To call anything running at 110 mph or less "High Speed Rail" is a misunderstanding of the definition. While I do not disagree with any of the things liste, none of them constitute true high speed rail. They do form improved, and sometimes improved significantly, convetntional passenger carrying rail. To achieve decent speed on just Chicago and Miami would probably consume the whole $2 billion you listed.


----------



## Shawn Ryu (Dec 7, 2010)

Improving NEC so Acela can run at max speed for almost the entire route will take at least 20 billion


----------



## Ben (Dec 7, 2010)

It doesn't matter what constitutes "high-speed" or not, the fact of the matter is that 110 mph is a fair upgrade over 79. Also, the Chicago-Florida CSX route is in excellent shape, just needs some additional capacity, which shouldn't be more than $500 million.


----------



## Anderson (Dec 7, 2010)

While I agree with handing out $100-200 million for local/regional planning and for some limited station upgrades, I do think that more of the funding should have been shot to full projects.
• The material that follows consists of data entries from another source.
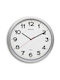 Maul Wall Clock Plastic Silver Ø40cm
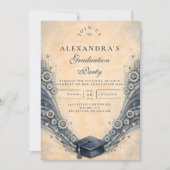 Invitation Mechanical Engineering Graduate Party (Devant)
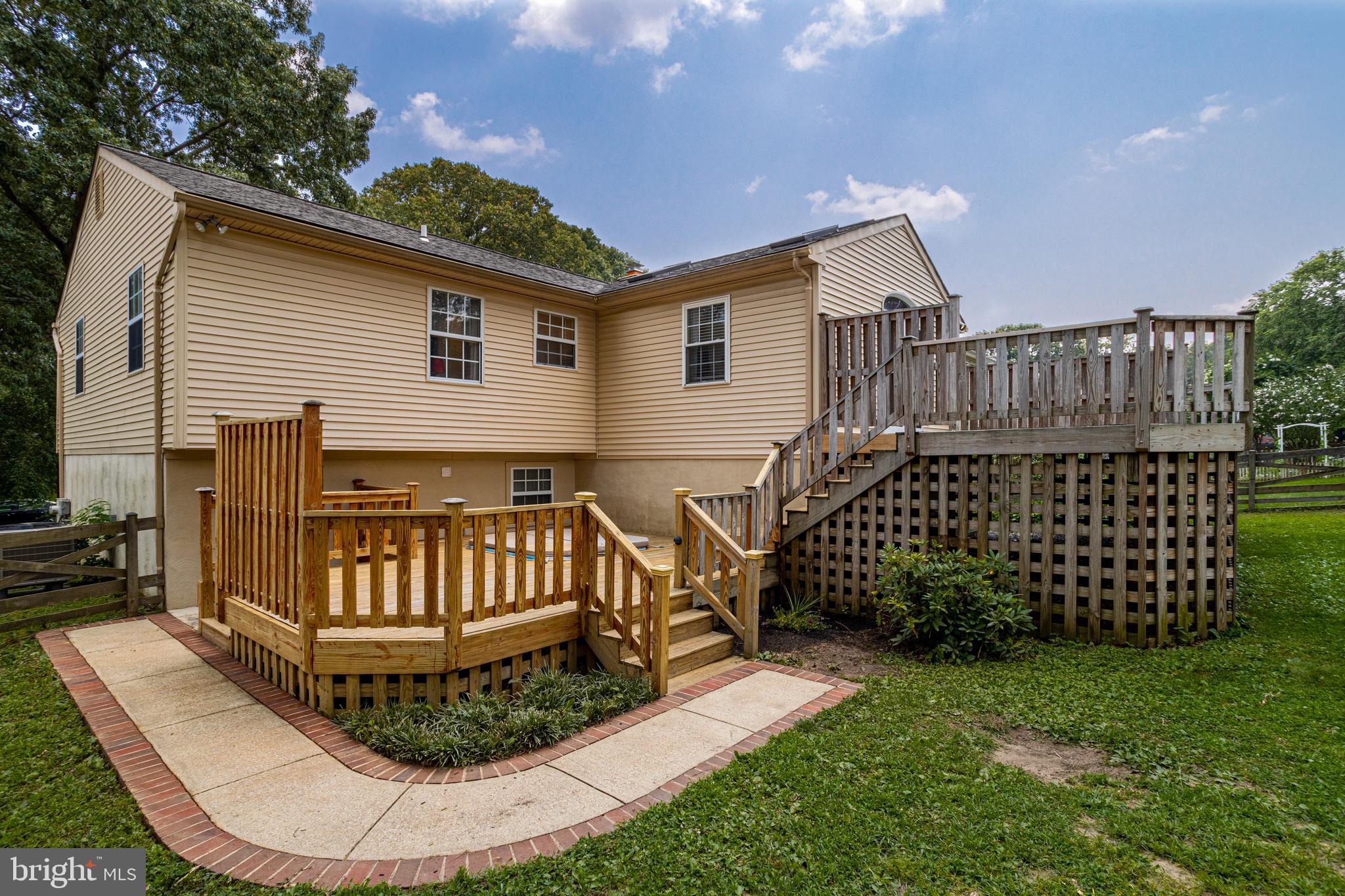 7704 Pecan Leaf Road Severn, MD 21144 - Photo 55 of 67 Back of home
I'm not going to disagree with the long-term project of Chicago-Minneapolis (the new Governor out there in WI is being a dolt).

That said, LA-LV should be a damn high priority. As I think has been discussed, you've got heavy traffic on a freeway in the desert. There's demand on that line, and I'll be a monkey's uncle if you couldn't find casinos interested in running promotions with attached, private cars they staff themselves. The Desert Xpress project ought to be a hint here that there's money to be had. The "feeder lines" to the NEC (Empire Service and Keystone Service in particular) are also good focuses for funding (Albany-NYC is a highly-used line, and service on the Harrisburg-NYC line has apparently been running off the charts).


----------



## gswager (Dec 7, 2010)

Passenger train at 110 mph is a no match to freight at 50-60 mph on either single or double tracks. It would be better to use dedicated line for passenger trains.


----------



## George Harris (Dec 8, 2010)

Ben said:


> Also, the Chicago-Florida CSX route is in excellent shape, just needs some additional capacity, which shouldn't be more than $500 million.


As to track condition, this is true. However, as to alignment, it leaves a lot to be desired. At the best, the Chicago to Jacksonville was right at 24 hours due to the multitudinous curves, and that with very short and infrequent stops. Many of these curves are not good for the speeds now that they were in teh 1950's.


----------



## MattW (Dec 8, 2010)

Even if the curves were superelevated to the maximum of three inches?


----------



## George Harris (Dec 8, 2010)

MattW said:


> Even if the curves were superelevated to the maximum of three inches?


The maximum where you are carrying piggyback or double stacks is usually 4 inches. In the past there were a lot of curves on railroads with 5 and 6 inches superelevation. But, for the most part cars were with the "Plate B" or "Plate C" outlines, which means no more than 15'-1" or 15'-6" high. The top of the top container on a double stack car is 20 feet above the rail.

Passenger only lines, including many transit lines go up to 6 inches superelevation. Some systems will go as high as 180 mm which is right at 7 inches.

Do you mean unbalance? That is the difference between the superelevation that it wuold take to exactly balance the centrifugal force at the speed limit and the actual superelevation in track? If so, that value *is* 3 inches, although with FRA approval up to 4 inches may be allowed. In general 3 inches, which is equivalent to 0.05 g lateral acceleration, is regarded as a reasonable comfort limit for trains since people are not strapped into or otherwise stuck in their seats so they can be and frequently are up and about while the train is moving.

So, for the 3 to 4 inch range of actual superelevation that is commonly used on this line, the passenger speeds will be about what they are now.


----------



## MrFSS (Dec 8, 2010)

George Harris said:


> MattW said:
> 
> 
> > Even if the curves were superelevated to the maximum of three inches?
> ...


Remind me never to play Railroad Trivial Pursuit with you.


----------



## George Harris (Dec 10, 2010)

MrFSS said:


> Remind me never to play Railroad Trivial Pursuit with you.


Dealing with this sort of stuff is part of what I do for a living.


----------